Figure 9 presents the continuous monitoring data spanning from 20:00 to 05:00. In order to obtain a more appropriate distance resolution of less than 50 m, the analysis was confined to data collected within a 3 km range for this specific test. The spatial and temporal distribution map of NO₂ effectively reveals the concentration changes. A traffic intersection exists at a location 650 m from the detection path. As the area is an industrial park, large trucks often pass through this intersection, resulting in relatively high NO₂ concentrations at this location. As indicated by the dashed line in Figure 9, NO₂ concentrations typically ranged around 80 ppb from 20:00 to 1:00. From 1:00 to 4:00, the concentration decreased, but after 4:00, it increased again, most likely due to the evolution of the diurnal planetary boundary layer. The spatial and temporal patterns of NO₂ concentrations illustrate the dynamics of pollutant dispersion, exhibiting a marked occurrence of concentration peaks between 2000 and 3000 m. This range is characterized by the detection of several high-concentration maxima, which are presumably linked to the emission activities of the nearby industrial park within the designated proximity.

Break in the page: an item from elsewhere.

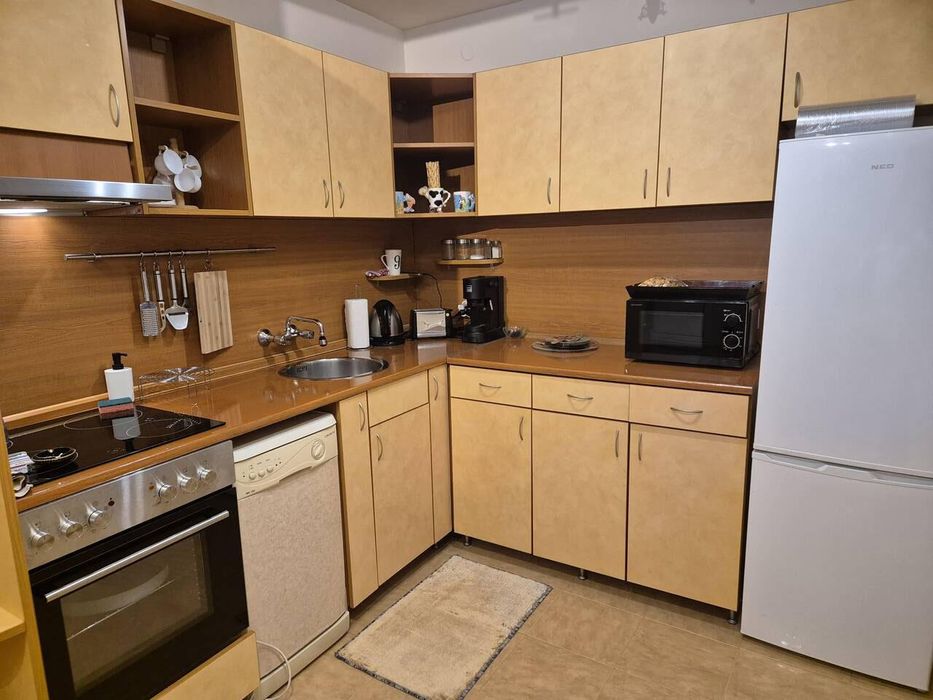 Дава се под наем Къща в Бургас, Банево - 144 кв.м за 1020 € - Снимка #1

To validate accuracy of the detection results, the inversion data from the aforementioned experiments (atmospheric NO₂ concentration between 0.1 and 1 km) were compared with the data from the NO₂ sensor (Longteng, Shijiazhuang, China, APPB3420-12), which has a detection resolution of 1 ppb and a measurement accuracy of ± 3%, located adjacent to the lidar. The results are shown in Figure 10.

The mean relative bias of lidar measurements from 1 to 2 October 2023 was found to be approximately 11.09%, as illustrated in Figure 10a. A Pearson correlation coefficient of 0.73157 was calculated using continuous measurements over the two days, indicating a relatively high correlation between the two datasets, as shown in Figure 10b.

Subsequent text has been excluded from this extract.